● Material for this task:
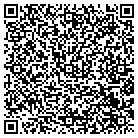 QR code with Eugene Lamczyk Farm contacts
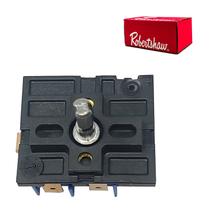 Switch Elemento de superfície de alcance elétrico OEM MANIA WB24X25013 Switch Elemento de superfície de alcance elétrico OEM MANIA WB24X25013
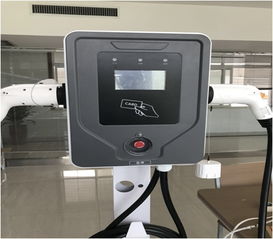 家庭汽车充电多少kw 家庭汽车充电多少kw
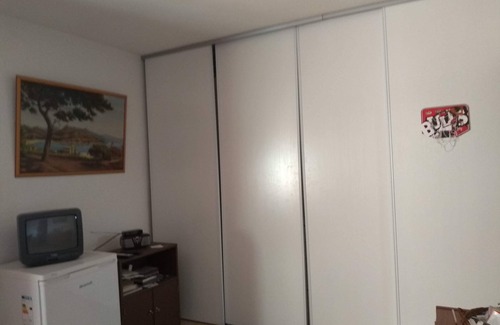 Leucate Condo | T3 in Languedoc seaside resort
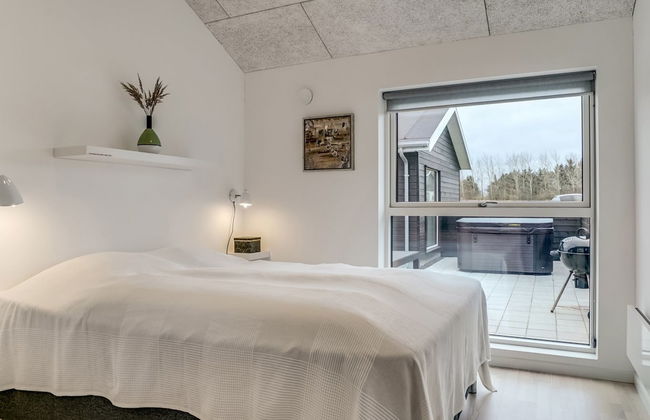 "Eveline" - 1.5km from the sea - Foto 14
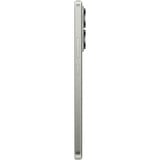 Xiaomi Poco M7 Pro 5G 256GB, Handy Silver, HyperOS, 8 GB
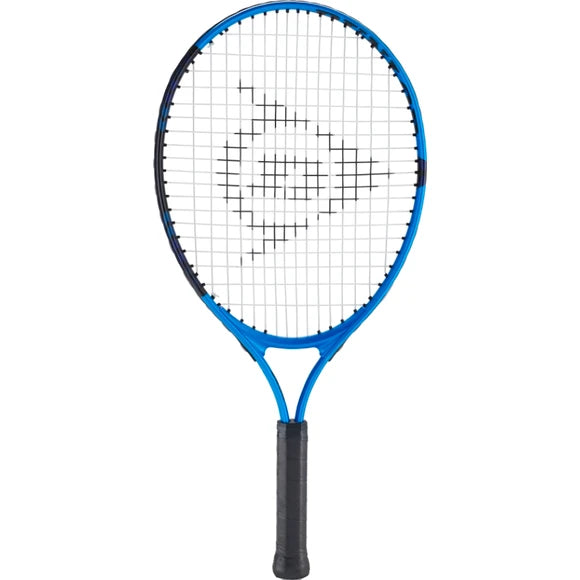 Dunlop FX Junior 23 Inch Tennis Racket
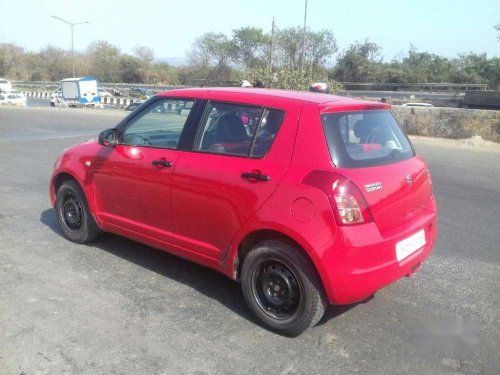 Used Maruti Suzuki Swift VXI 2010 for sale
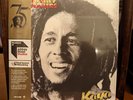 Bob Marley & the Wailers - Kaya, Vinyl LP, AR Half-Speed Mastering 2020 NM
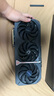 華碩TUF/ROG ASTRAL夜神/技嘉魔鷹/水雕/神龍/魔龍RTX5090 32GB 技嘉魔鷹RTX5090 32G OC 曬單實拍圖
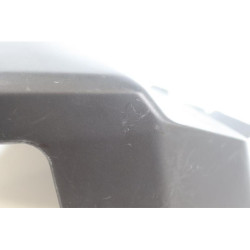 Cache latéral gauche HONDA CBF 500 2004 à 2007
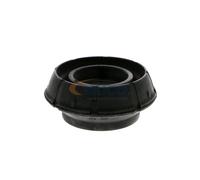 VAICO V21-0017 Top strut mount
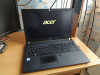 Acer TravelMate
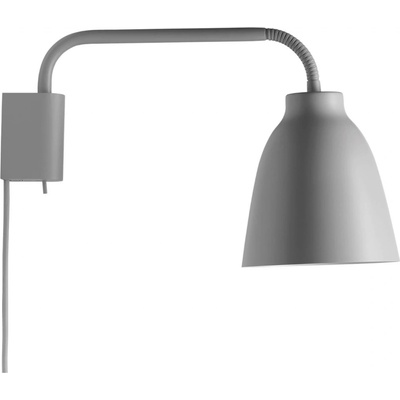 FRITZ HANSEN 13041212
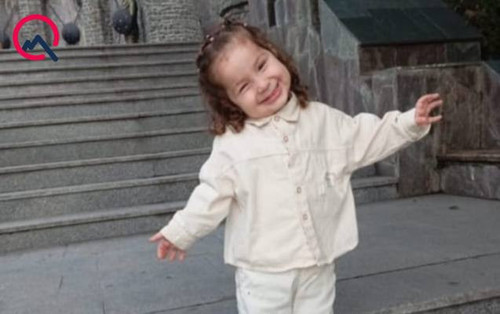 L9KMz10NR1oHikcwf7D2AMrfFYDzzSBydUZFSb0xYzW7rQ XIHpNqCigyFdlI R74uBFq8TsSWuNCsxINliLGr75Za0r hO8gTW3.jpg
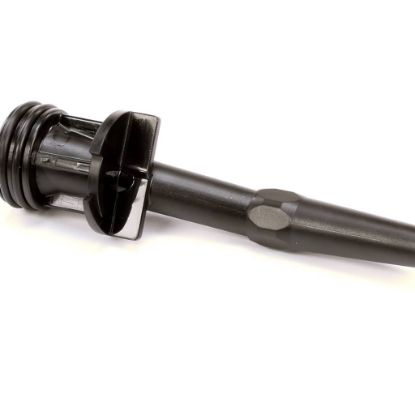 Picture of Bunn 53205.1 Kit, Nozzle Assembly, Dispense Nitro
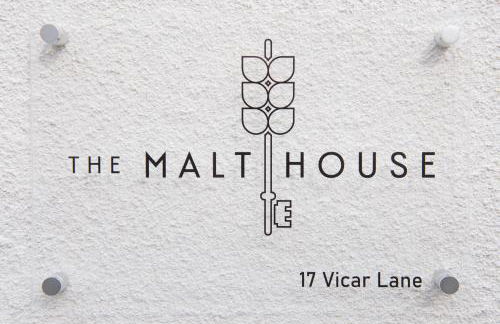 The Malt House, Howden - Foto 56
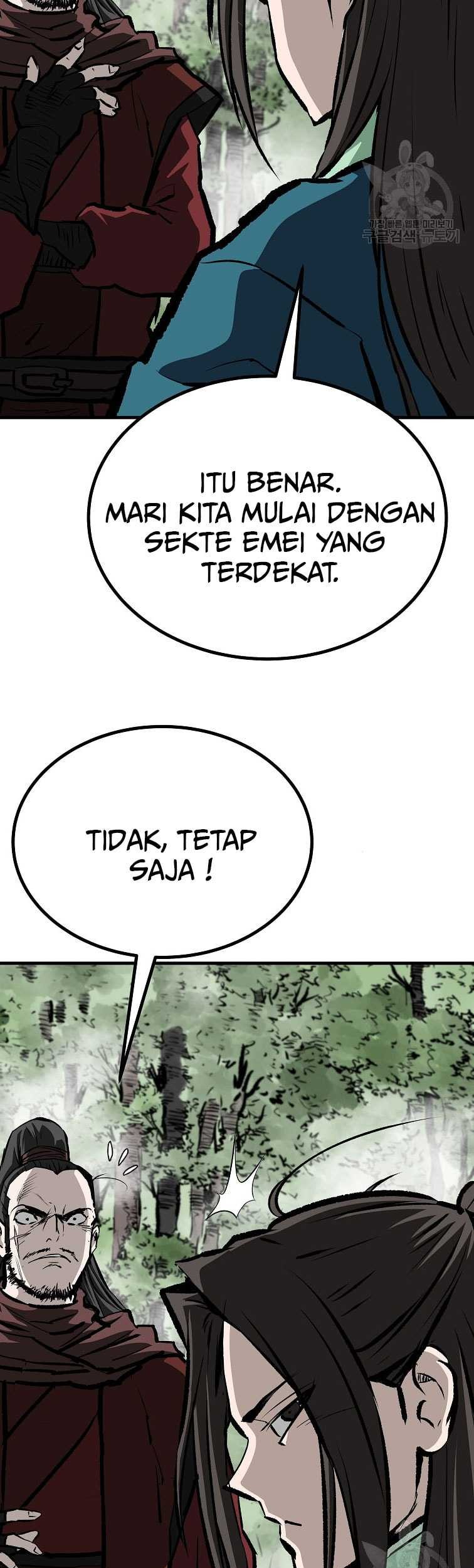Halaman 83 dari 95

● Exercise instructions:
Without any of the pictures, repeat the entries above word for word.

● Response:
 QR code with Eugene Lamczyk Farm contacts
 Switch Elemento de superfície de alcance elétrico OEM MANIA WB24X25013 Switch Elemento de superfície de alcance elétrico OEM MANIA WB24X25013
 家庭汽车充电多少kw 家庭汽车充电多少kw
 Leucate Condo | T3 in Languedoc seaside resort
 "Eveline" - 1.5km from the sea - Foto 14
 Xiaomi Poco M7 Pro 5G 256GB, Handy Silver, HyperOS, 8 GB
 Dunlop FX Junior 23 Inch Tennis Racket
 Used Maruti Suzuki Swift VXI 2010 for sale
 Bob Marley & the Wailers - Kaya, Vinyl LP, AR Half-Speed Mastering 2020 NM
 華碩TUF/ROG ASTRAL夜神/技嘉魔鷹/水雕/神龍/魔龍RTX5090 32GB 技嘉魔鷹RTX5090 32G OC 曬單實拍圖
 Cache latéral gauche HONDA CBF 500 2004 à 2007
 VAICO V21-0017 Top strut mount
 Acer TravelMate
 FRITZ HANSEN 13041212
 L9KMz10NR1oHikcwf7D2AMrfFYDzzSBydUZFSb0xYzW7rQ XIHpNqCigyFdlI R74uBFq8TsSWuNCsxINliLGr75Za0r hO8gTW3.jpg
 Picture of Bunn 53205.1 Kit, Nozzle Assembly, Dispense Nitro
 The Malt House, Howden - Foto 56
Halaman 83 dari 95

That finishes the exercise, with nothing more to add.